**Problem details**
All of the entries below should be returned verbatim, apart from the pictures.

**Collected data entries**
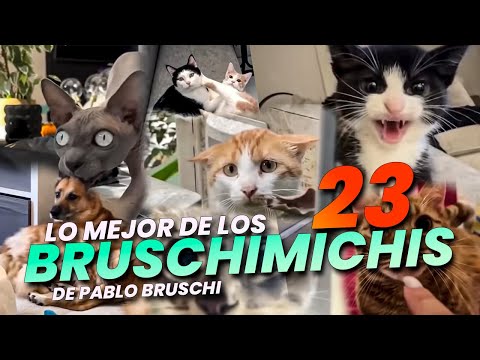 LO MEJOR DE LOS BRUSCHIMICHIS 23 - PABLO BRUSCHI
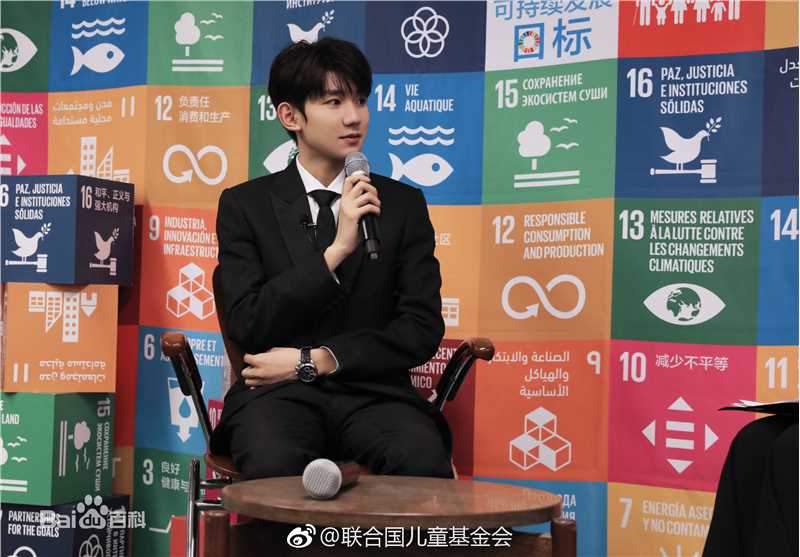 王源(Roy)联合国经济及社会理事会2018青年论坛青年代表并发表议程演讲图册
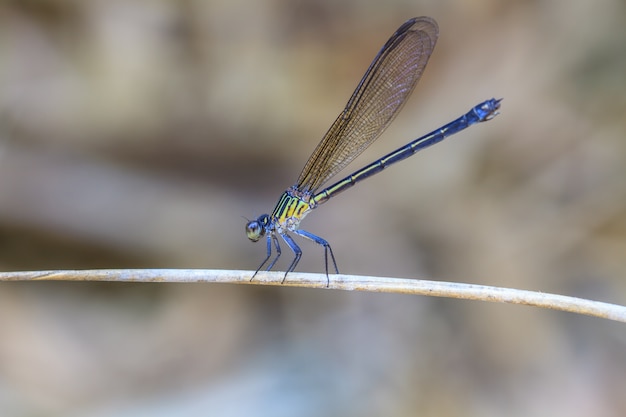 libellula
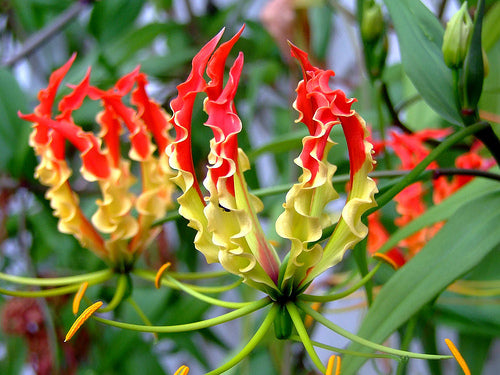 Gloriosa Superba Glory Vine 10 Seeds, Climbing Flame Lily Garden Flowe |  The Plant Attraction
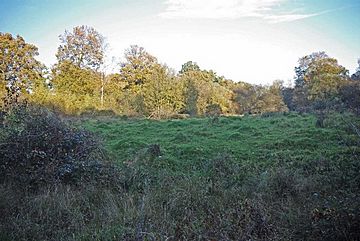 Portingbury Hills (geograph 2149815).jpg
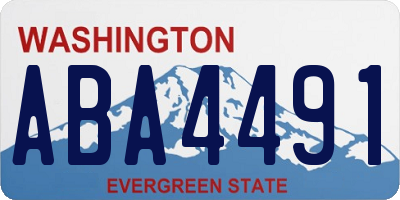 WA license plate ABA4491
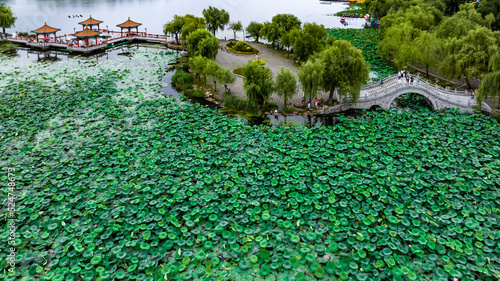 Landscape of Nanhu Park in Changchun  China with lotus flowers in full bloom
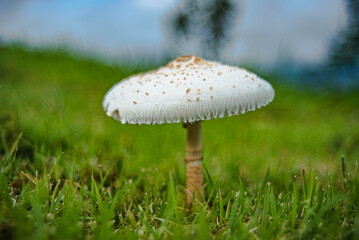 Mushrooms blooming on the camping ground in Khao Phaeng Ma Wildlife Sanctuary, Thailand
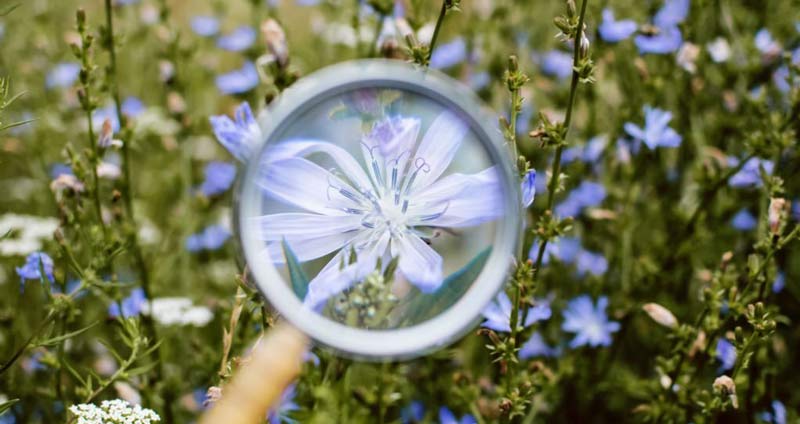 در رزومه کاری چه بنویسیم - برجستهسازی سوابق کاری مرتبط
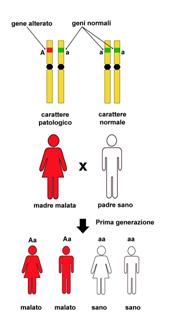 Seppur caratterizzata da una forte connotazione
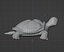 3D model Gray Turtle low poly
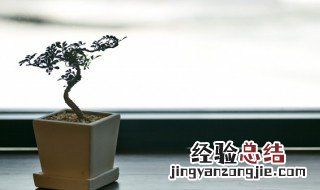 金银花盆景的栽培技术及养护 金银花盆景种植技术与栽培管理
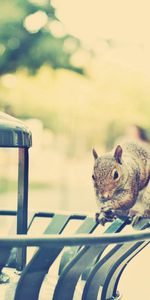 Squirrel,Light,Stroll,Climb,Animals,City,Shine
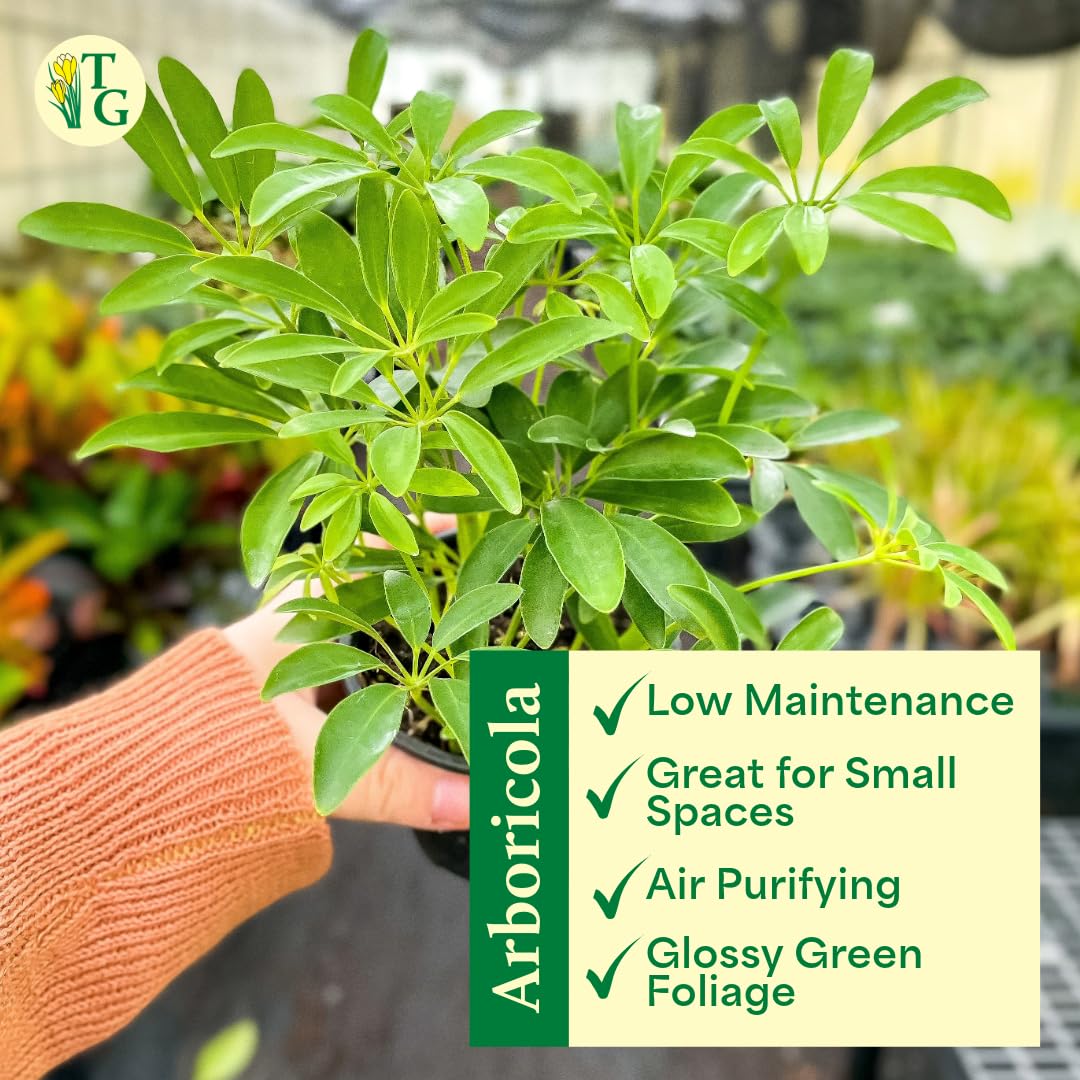Thorsen's Greenhouse Live Arboricola Umbrella Tree Plant, Schefflera Arboricola, Natural Air Purifier, Easy to Grow, Live Indoor Houseplant, 6-inch Diameter (Navy (6" Pot))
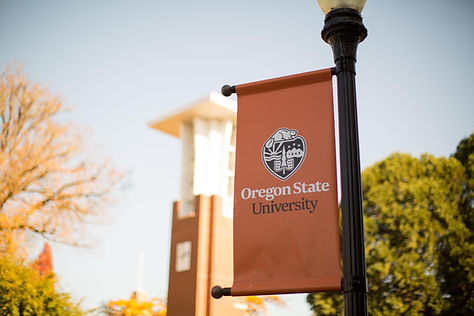 OSU Flags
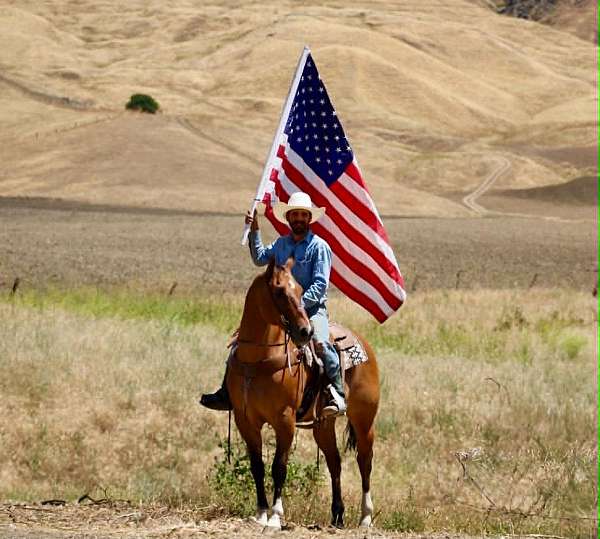 ridden-western-quarter-horse
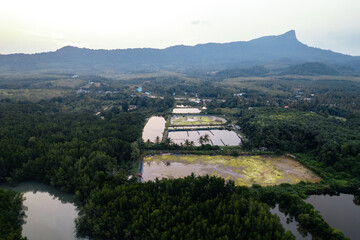 Fototapeta premium High angle mangrove forest and canal water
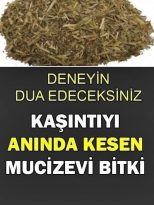 Mucizevi Bitki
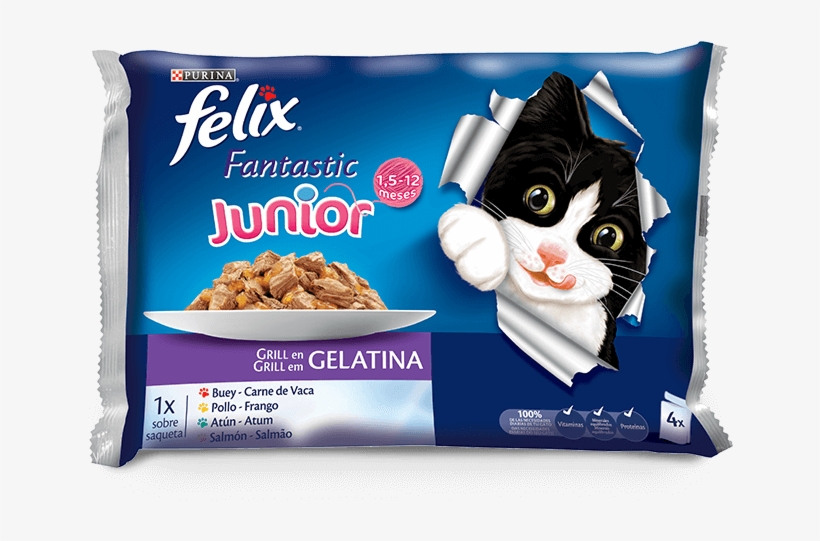 Junior - Felix Junior Agail Gij 10x100 Gr, transparent png #2313103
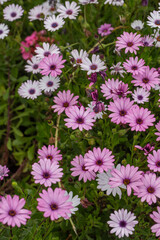 A vibrant cluster of pink and white African daisies in full bloom creates a stunning floral display. Their vivid petals and dark centers contrast beautifully with lush green foliage.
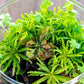 Ultum Nature Systems Downoi Pogostemon Helferi Tissue Culture Live Plant for Aquarium, Aquascape, Freshwater Fish Tanks - 100% Snail Free in Vitro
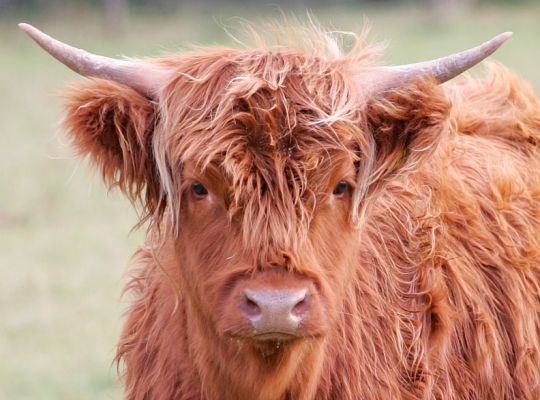 Highland Cow
Photographed Sep 23 2005
Λέξεις-κλειδιά: Highland cow  Lucies Farm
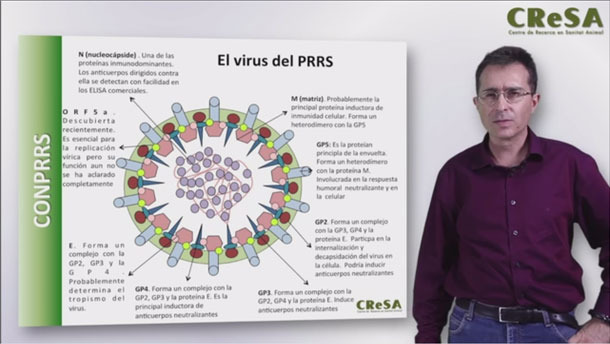 Curso: Bases técnicas para el control práctico del PRRS (12 horas), por el Dr. Enric Mateu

**Result**
 LO MEJOR DE LOS BRUSCHIMICHIS 23 - PABLO BRUSCHI
 王源(Roy)联合国经济及社会理事会2018青年论坛青年代表并发表议程演讲图册
 libellula
 Gloriosa Superba Glory Vine 10 Seeds, Climbing Flame Lily Garden Flowe |  The Plant Attraction
 Portingbury Hills (geograph 2149815).jpg
 WA license plate ABA4491
 Landscape of Nanhu Park in Changchun  China with lotus flowers in full bloom
 Mushrooms blooming on the camping ground in Khao Phaeng Ma Wildlife Sanctuary, Thailand
 در رزومه کاری چه بنویسیم - برجستهسازی سوابق کاری مرتبط
 Seppur caratterizzata da una forte connotazione
 3D model Gray Turtle low poly
 金银花盆景的栽培技术及养护 金银花盆景种植技术与栽培管理
 Squirrel,Light,Stroll,Climb,Animals,City,Shine
Thorsen's Greenhouse Live Arboricola Umbrella Tree Plant, Schefflera Arboricola, Natural Air Purifier, Easy to Grow, Live Indoor Houseplant, 6-inch Diameter (Navy (6" Pot))
 OSU Flags
 ridden-western-quarter-horse
 Fototapeta premium High angle mangrove forest and canal water
 Mucizevi Bitki
 Junior - Felix Junior Agail Gij 10x100 Gr, transparent png #2313103
 A vibrant cluster of pink and white African daisies in full bloom creates a stunning floral display. Their vivid petals and dark centers contrast beautifully with lush green foliage.
 Ultum Nature Systems Downoi Pogostemon Helferi Tissue Culture Live Plant for Aquarium, Aquascape, Freshwater Fish Tanks - 100% Snail Free in Vitro
 Highland Cow
Photographed Sep 23 2005
Λέξεις-κλειδιά: Highland cow  Lucies Farm
 Curso: Bases técnicas para el control práctico del PRRS (12 horas), por el Dr. Enric Mateu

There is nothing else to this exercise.